La feroce accusa, certamente e retrospettivamente profetica, contro il populismo giustizialista. Propriamente parlando, Craxi non usa la parola “popolo”, se non in senso alto e nobile. Usa la parola “gente“, in senso ovviamente dispregiativo: entità collettiva impersonale – non riflessiva – e mimetica, metaforizzata dalle monetine (la cui visione ci è risparmiata nel film), e da uno sketch vagamente felliniano con cui la pellicola quasi si chiude.

E’ un film da vedere, per quelli della mia generazione. Lo ammetto, io ero anticraxiano, leggevo Micromega e Diario, e le pagine interne dell’Unità, ogni tanto anche Repubblica.  Ascoltavo De Gregori (“La ballata dell’uomo ragno“). Ma soprattutto osservavo coscientemente – per quanto potevo – quel periodo di transizione tra fine anni ’80 e primi anni ’90.

L’impressione su Craxi? Ecco: avevamo torto. E aveva ragione lui. Non ho nient’altro da dire, su questo punto. In gran parte perché odiavamo in lui i nostri genitori. Soprattutto i nostri padri. Per lo meno, questo era vero per me.

(Su Berlusconi continuo a pensare che avevamo ragione noi, invece. Ma forse anche su questo mi sbaglio? Cioè… in gran parte avevamo ragione, ma l’attitudine giustizialista c’era pure, e quella ha portato, per vie diritte o traverse, al populismo. Ma la sua figura almeno nel film, è quasi assente, se non per un riferimento intradiegetico ad un’intervista di Vespa).
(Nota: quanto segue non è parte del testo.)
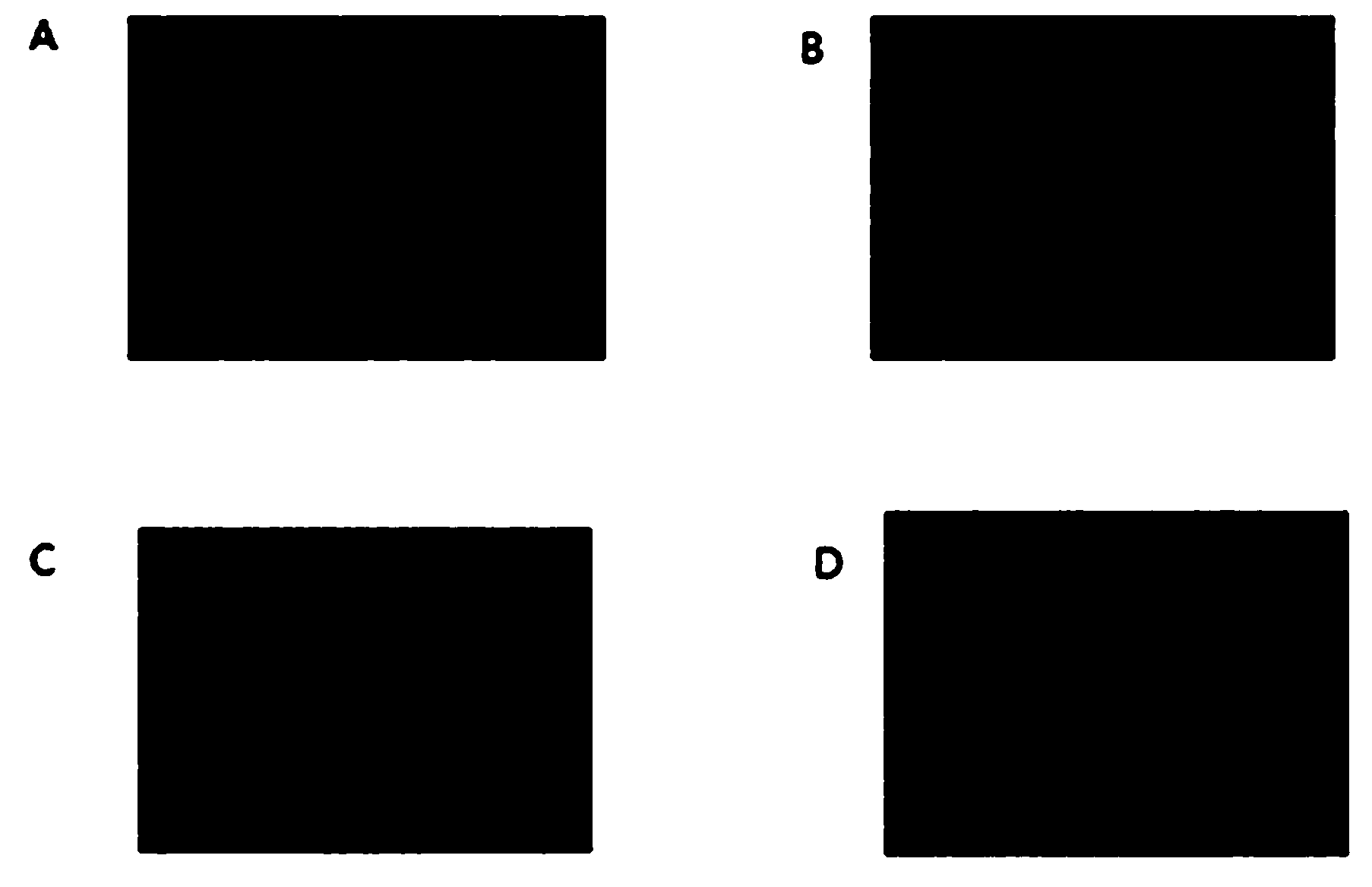 Pharmaceutical composition comprising nelumbo nucifera seed extract as active ingredient for protecting brain nerve cells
Vedendo Hammamet, si capisce qual è il vero referente polemico: il populismo attuale, ripeto. Ma il suo tema principale mi pare  anche un altro.

E l’amore  – e l’odio – per il padre è il tema interiore del film. Come è il tema di un altro grande film “politico”, e cioè Buongiorno notte, di Marco Bellocchio.  Il padre non solo rispetto alla sua famiglia, ma il ruolo simbolico del padre nella nostra società italiana. I due film si somigliano nel loro privilegiare i tempi teatrali nei dialoghi e per la cura della fotografia e delle musiche. Ma c’è sicuramente dell’altro… Là il padre è ucciso dai giovani rivoluzionari, qui dalla malattia, e dall’esilio a causa di un’altra (?) rivoluzione.
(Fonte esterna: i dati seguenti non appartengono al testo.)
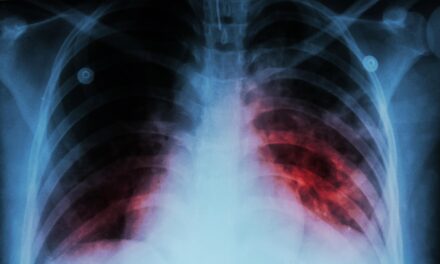 Interpreting the Disease and Treatment of Tuberculosis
Detto questo, a dispetto dell’apparenza, il film non è agiografico. Però è militante, questo sì. A tratti evangelico. L’amore dei poveri, per gli strani, per i marginali, la passione per la libertà, i legami. La famiglia. Il padre. I figli. L’amore. La politica. Gli spaghetti col sugo.

La solitudine alla quale questo paese condanna il leader sconfitto. L’illusione di cambiare, senza capire che si è sempre gli stessi.
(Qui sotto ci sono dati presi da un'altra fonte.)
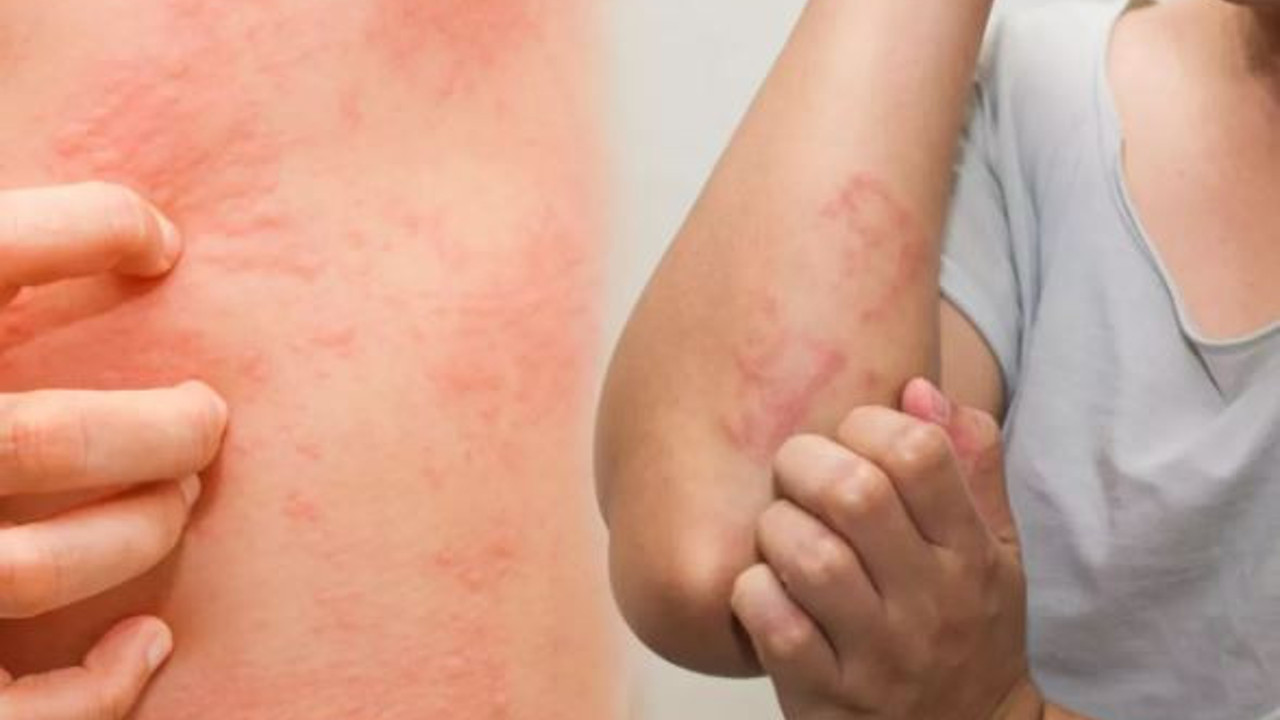 Bunları uygulayın. Korkulu rüyanız haline gelen hastalık bitsin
Non dubito che accadrà così anche per gli attuali leader – e Dio non voglia – quello futuro. Quello che i seguaci della Lega onorano, e di cui celebrano, sugli scudi, la gloria. Oggi… Ma allora lui, sì proprio lui, diceva : «Se Craxi mette piede in Italia, passi da San Vittore».

I tempi stanno cambiando… o forse noi siamo cambiati.